### Exercise:
Transcribe exactly, leaving out pictures, the lines from the one that holds "Custodia Portafoglio In" through the end of the data below, including both end lines and no others.
··· Data section
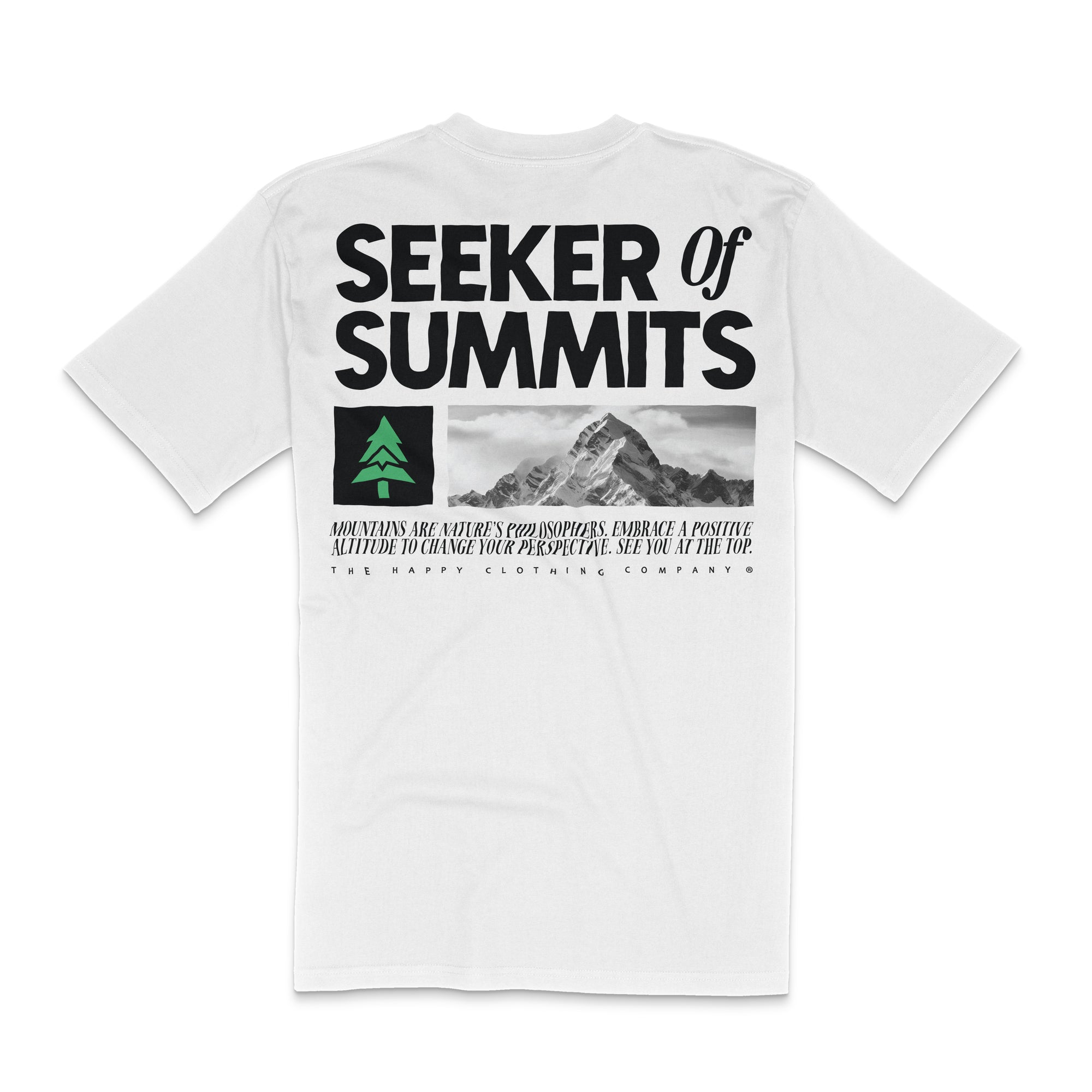 Seeker Of Summits Black & White Back Print 'Lifestyle Tee' | Premium Heavyweight |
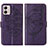Custodia Portafoglio In Pelle Farfalla Cover con Supporto YB1 per Motorola Moto G53j 5G Viola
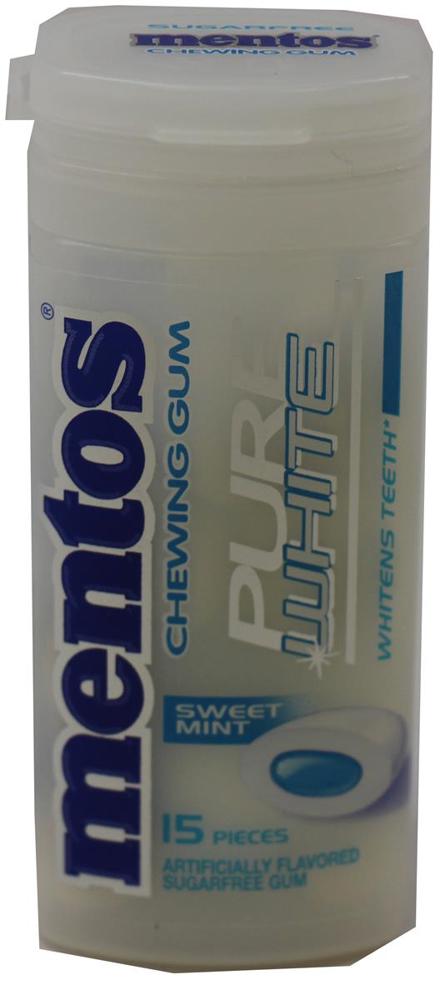 Mentos Gum Pocket Bottle Pure White Mint 12/10ct 1.06oz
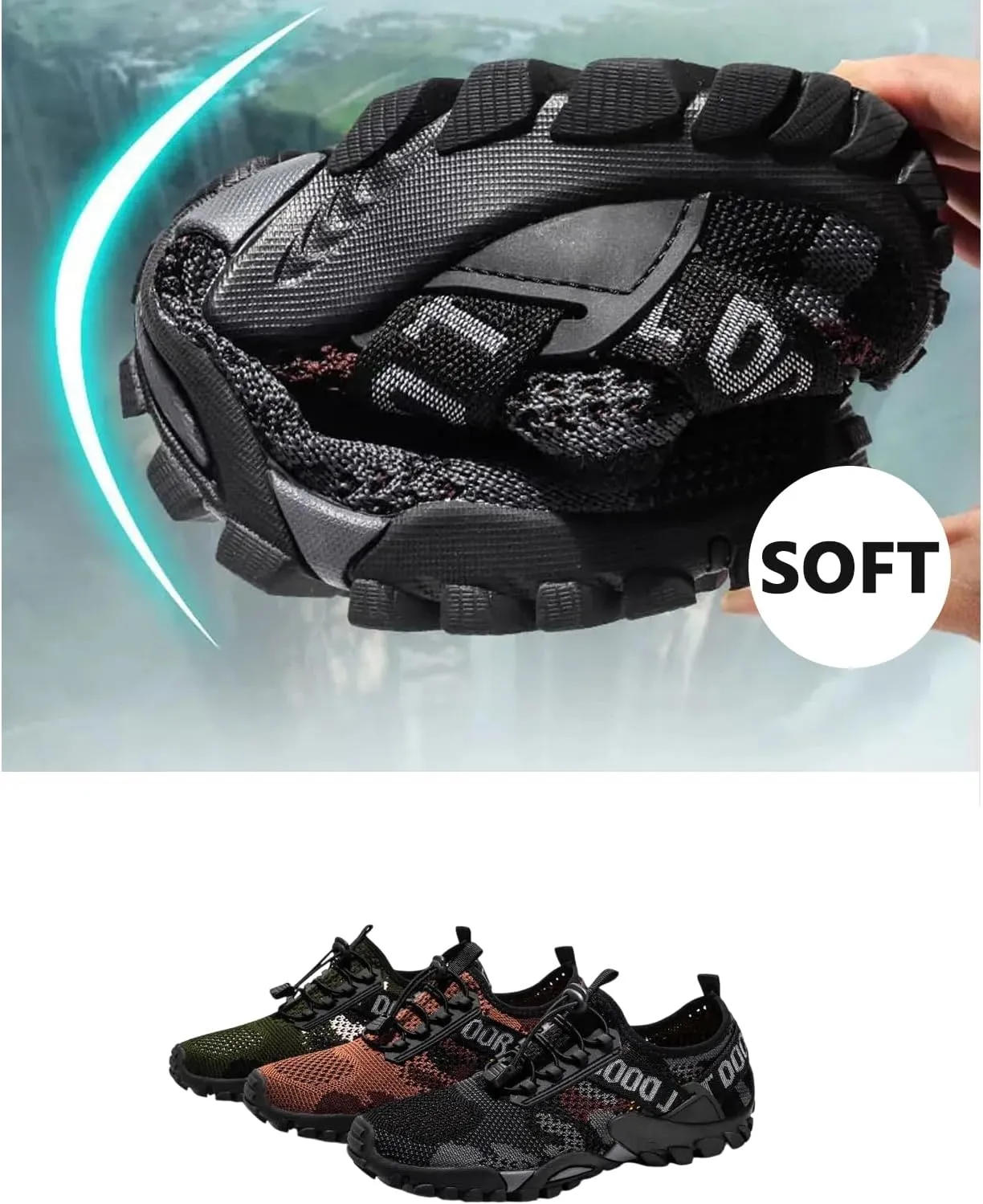 Buhelyc Water Shoes Mesh Hiking Outdoor Shoes Soft Bottom Elastic Breathable Comfortable Lightweight for Walking Hiking Diving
······
### Solution below:
Custodia Portafoglio In Pelle Farfalla Cover con Supporto YB1 per Motorola Moto G53j 5G Viola
 Mentos Gum Pocket Bottle Pure White Mint 12/10ct 1.06oz
 Buhelyc Water Shoes Mesh Hiking Outdoor Shoes Soft Bottom Elastic Breathable Comfortable Lightweight for Walking Hiking Diving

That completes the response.